____ Excerpted data
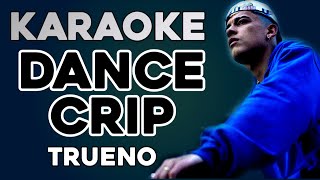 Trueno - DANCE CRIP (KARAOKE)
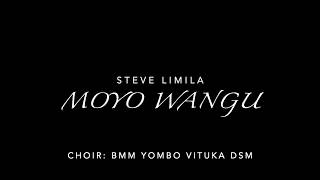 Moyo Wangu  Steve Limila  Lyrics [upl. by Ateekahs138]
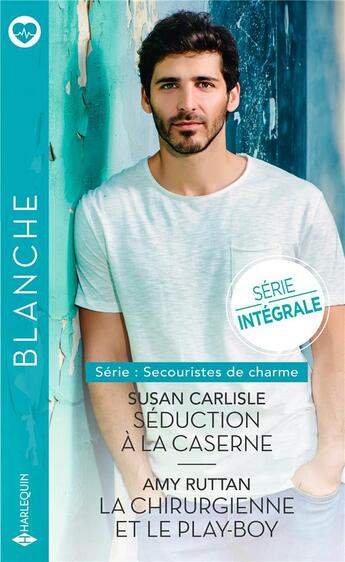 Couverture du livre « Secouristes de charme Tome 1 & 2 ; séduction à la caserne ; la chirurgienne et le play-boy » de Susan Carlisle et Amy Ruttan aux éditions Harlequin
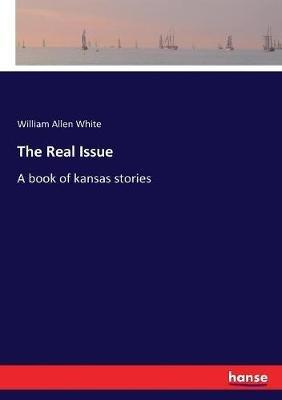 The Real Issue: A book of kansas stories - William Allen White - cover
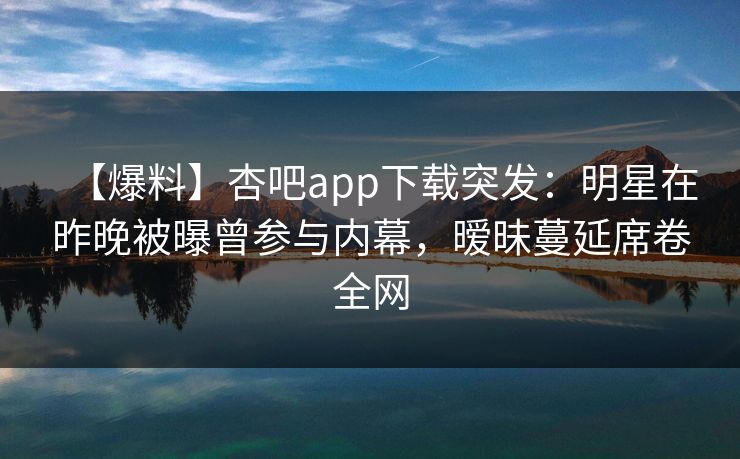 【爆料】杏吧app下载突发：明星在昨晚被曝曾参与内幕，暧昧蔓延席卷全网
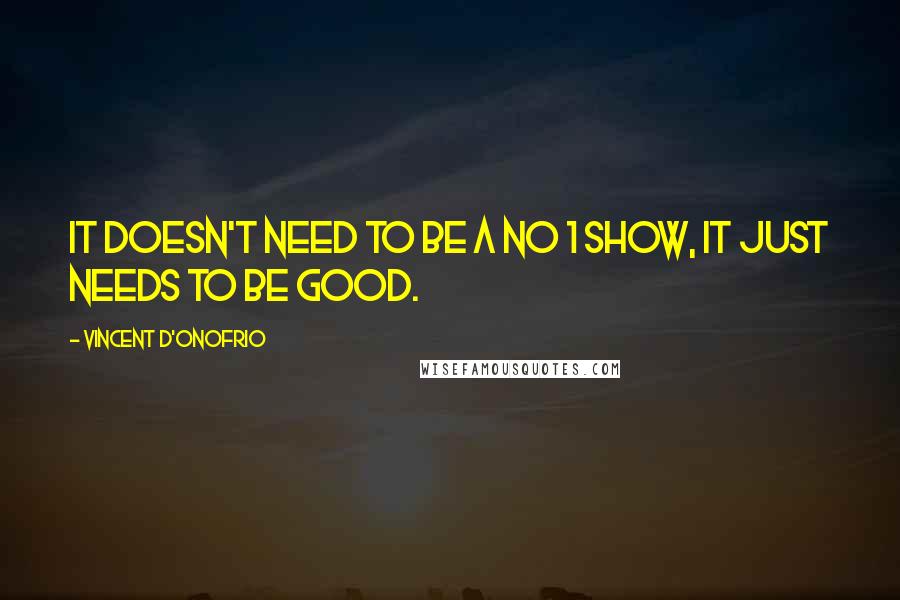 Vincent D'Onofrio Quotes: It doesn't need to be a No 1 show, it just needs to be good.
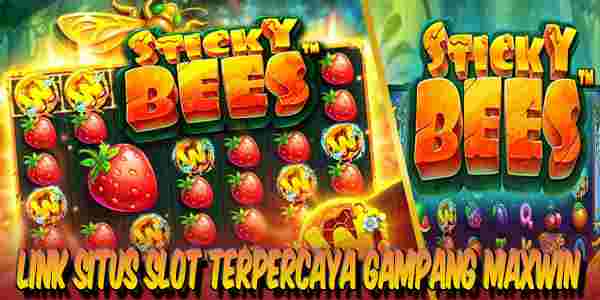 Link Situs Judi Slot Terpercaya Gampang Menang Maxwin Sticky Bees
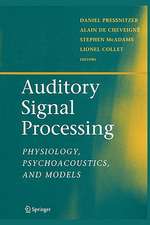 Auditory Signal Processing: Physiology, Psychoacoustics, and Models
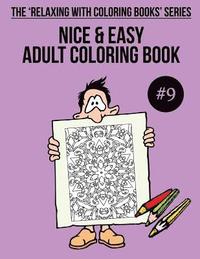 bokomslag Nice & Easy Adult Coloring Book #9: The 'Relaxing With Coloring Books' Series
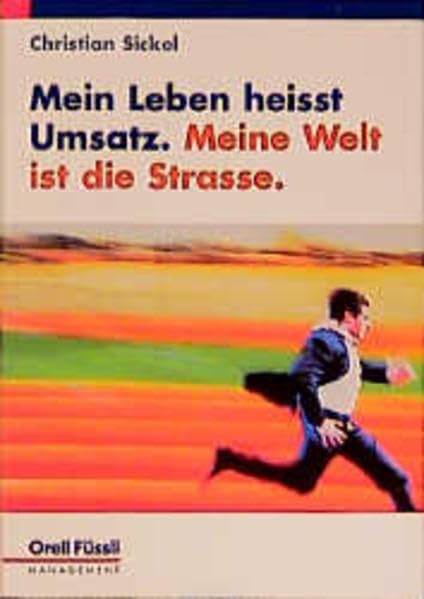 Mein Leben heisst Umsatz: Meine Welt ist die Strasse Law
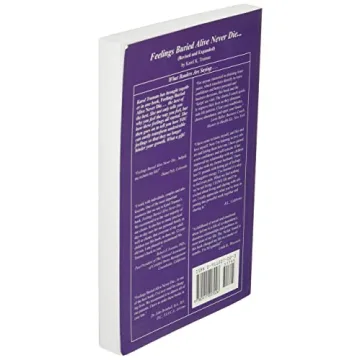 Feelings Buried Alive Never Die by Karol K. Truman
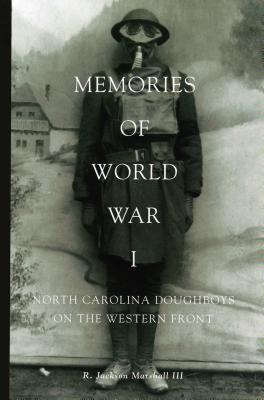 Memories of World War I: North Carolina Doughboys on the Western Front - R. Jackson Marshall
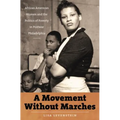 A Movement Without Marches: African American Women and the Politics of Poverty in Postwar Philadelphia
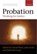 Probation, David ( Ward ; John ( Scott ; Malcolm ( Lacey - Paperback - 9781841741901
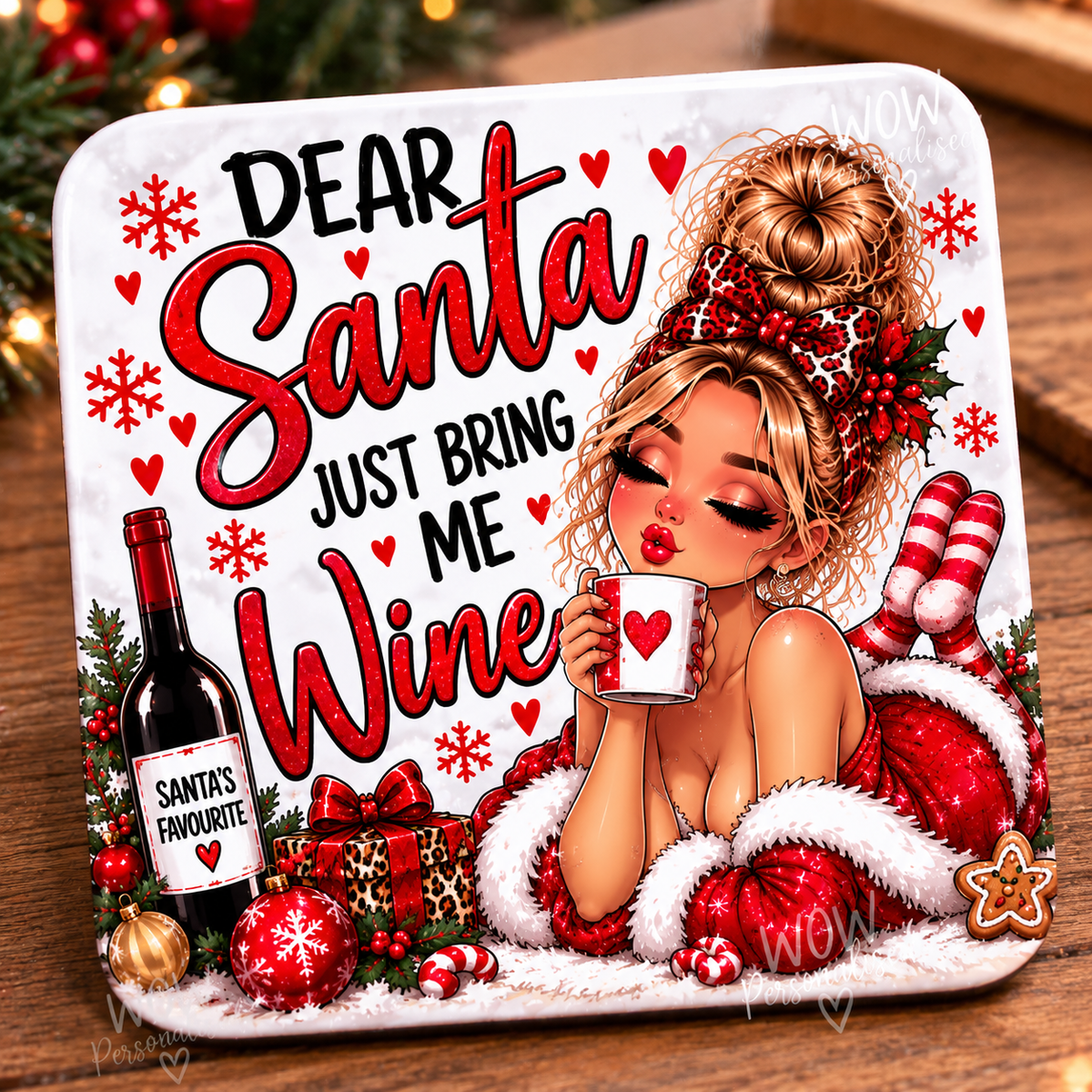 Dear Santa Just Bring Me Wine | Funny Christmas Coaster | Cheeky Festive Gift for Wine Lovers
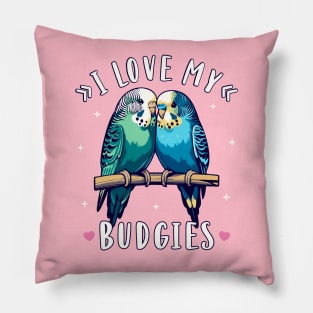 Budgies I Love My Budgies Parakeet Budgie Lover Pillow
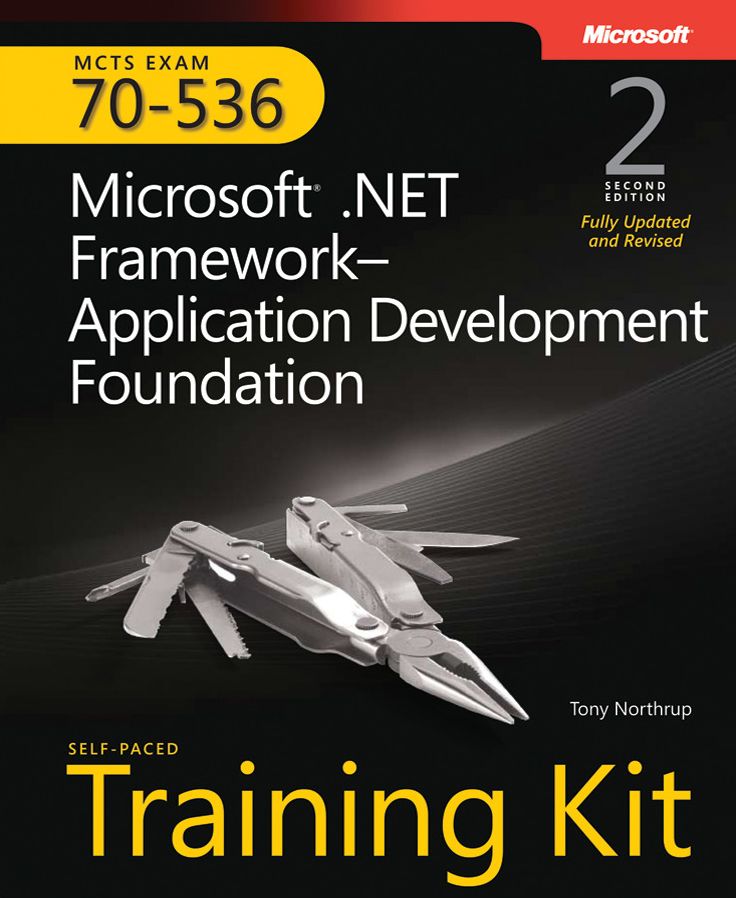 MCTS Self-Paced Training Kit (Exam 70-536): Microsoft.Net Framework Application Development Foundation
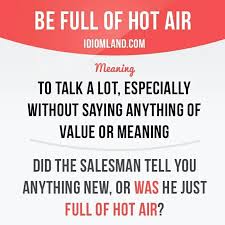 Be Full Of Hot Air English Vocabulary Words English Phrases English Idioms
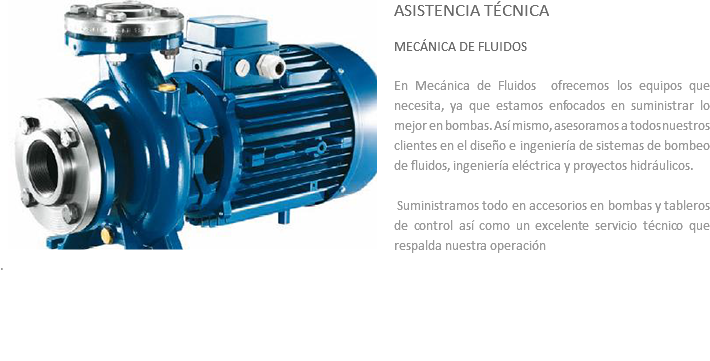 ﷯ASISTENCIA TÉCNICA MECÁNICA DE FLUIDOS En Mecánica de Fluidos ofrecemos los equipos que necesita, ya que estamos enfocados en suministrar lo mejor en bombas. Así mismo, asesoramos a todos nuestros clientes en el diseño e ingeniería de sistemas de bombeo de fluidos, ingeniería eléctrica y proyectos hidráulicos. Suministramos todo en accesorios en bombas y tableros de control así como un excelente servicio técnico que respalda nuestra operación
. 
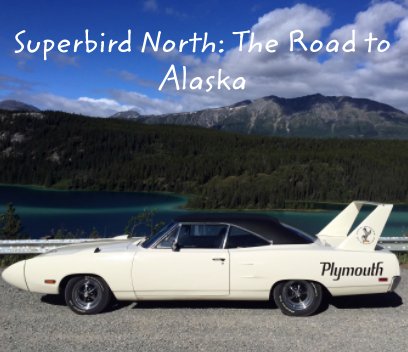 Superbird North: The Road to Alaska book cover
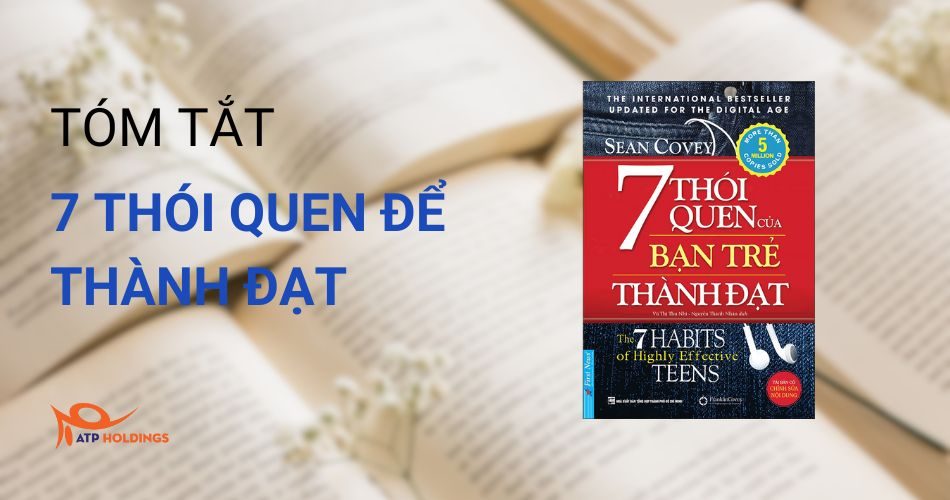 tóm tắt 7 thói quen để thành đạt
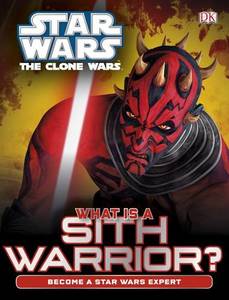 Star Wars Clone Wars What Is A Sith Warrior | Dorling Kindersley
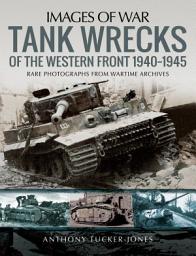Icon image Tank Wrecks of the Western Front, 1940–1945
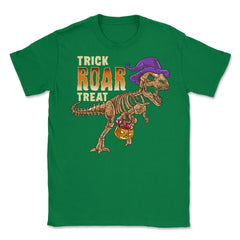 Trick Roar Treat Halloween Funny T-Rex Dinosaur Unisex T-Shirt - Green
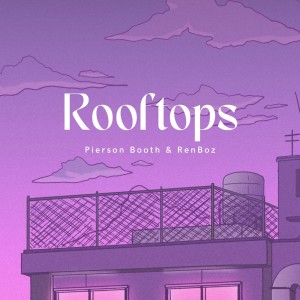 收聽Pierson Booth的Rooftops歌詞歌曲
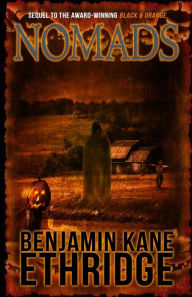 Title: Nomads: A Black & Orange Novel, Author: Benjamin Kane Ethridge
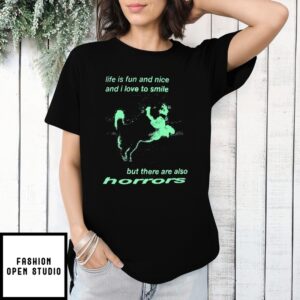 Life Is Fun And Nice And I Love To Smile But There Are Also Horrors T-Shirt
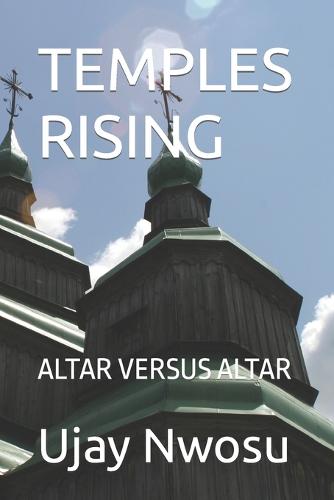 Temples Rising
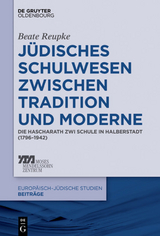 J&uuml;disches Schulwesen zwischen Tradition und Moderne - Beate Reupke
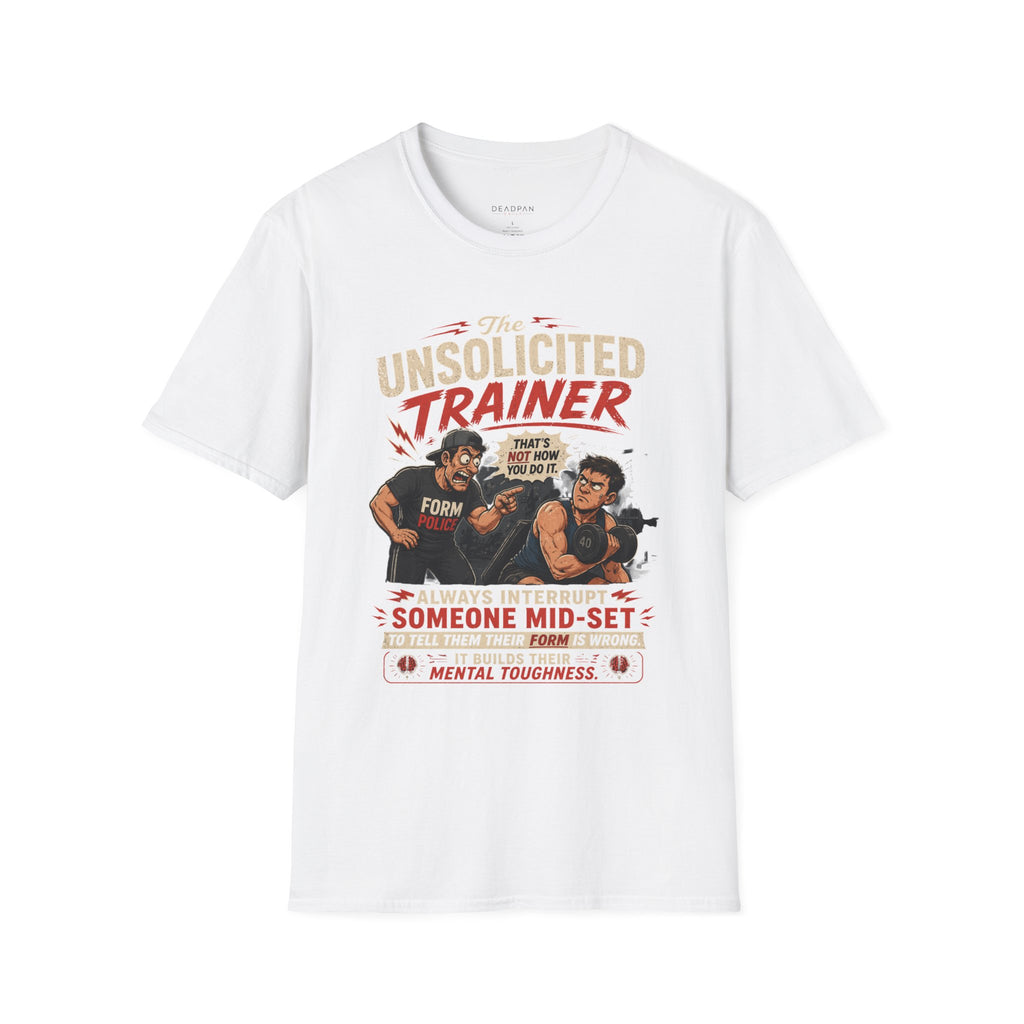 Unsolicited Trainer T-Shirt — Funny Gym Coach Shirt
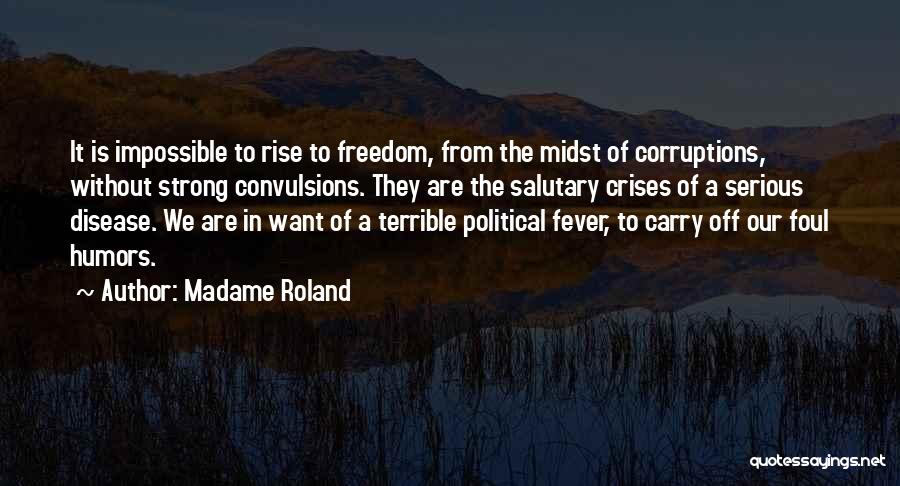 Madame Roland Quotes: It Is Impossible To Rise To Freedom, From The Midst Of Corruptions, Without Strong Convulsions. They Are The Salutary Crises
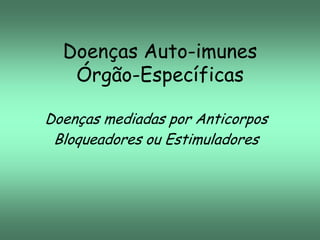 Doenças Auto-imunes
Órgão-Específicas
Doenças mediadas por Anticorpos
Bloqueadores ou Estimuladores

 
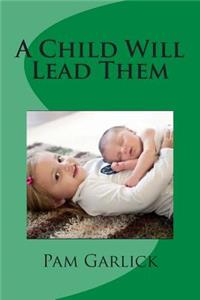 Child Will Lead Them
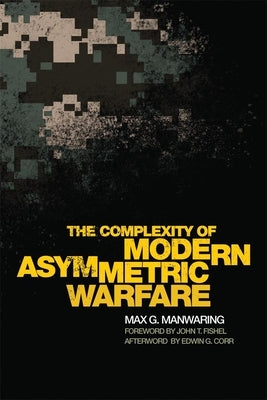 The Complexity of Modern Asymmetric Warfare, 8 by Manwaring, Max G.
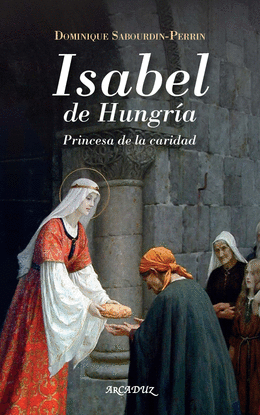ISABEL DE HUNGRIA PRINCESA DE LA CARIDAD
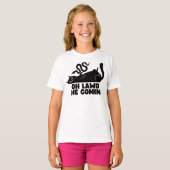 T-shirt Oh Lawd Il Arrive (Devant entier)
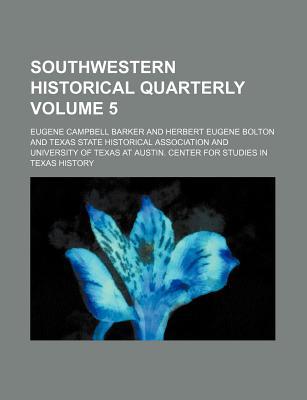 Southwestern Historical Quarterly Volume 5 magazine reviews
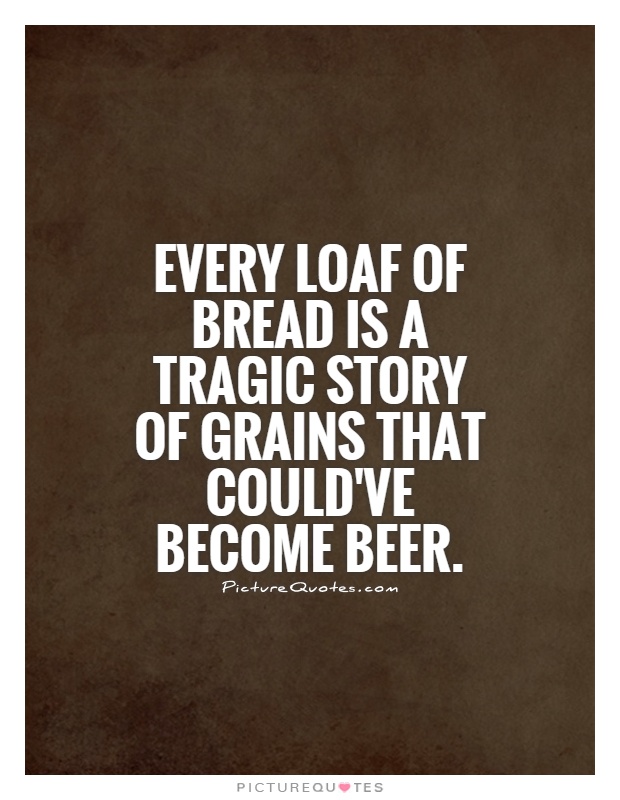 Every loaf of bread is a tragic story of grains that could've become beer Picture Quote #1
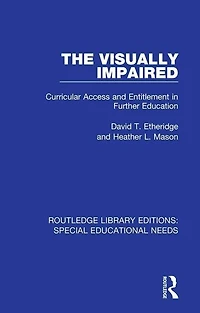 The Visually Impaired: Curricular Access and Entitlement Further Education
________
Nothing outside the stretch above, from the line with "A Movement Without" through the line with "MCTS Self-Paced Training", is set down. Transcribe that stretch exactly, ends included, but not its pictures.

### Task answer
 A Movement Without Marches: African American Women and the Politics of Poverty in Postwar Philadelphia
 Probation, David ( Ward ; John ( Scott ; Malcolm ( Lacey - Paperback - 9781841741901
 Dear Santa Just Bring Me Wine | Funny Christmas Coaster | Cheeky Festive Gift for Wine Lovers
 Budgies I Love My Budgies Parakeet Budgie Lover Pillow
 MCTS Self-Paced Training Kit (Exam 70-536): Microsoft.Net Framework Application Development Foundation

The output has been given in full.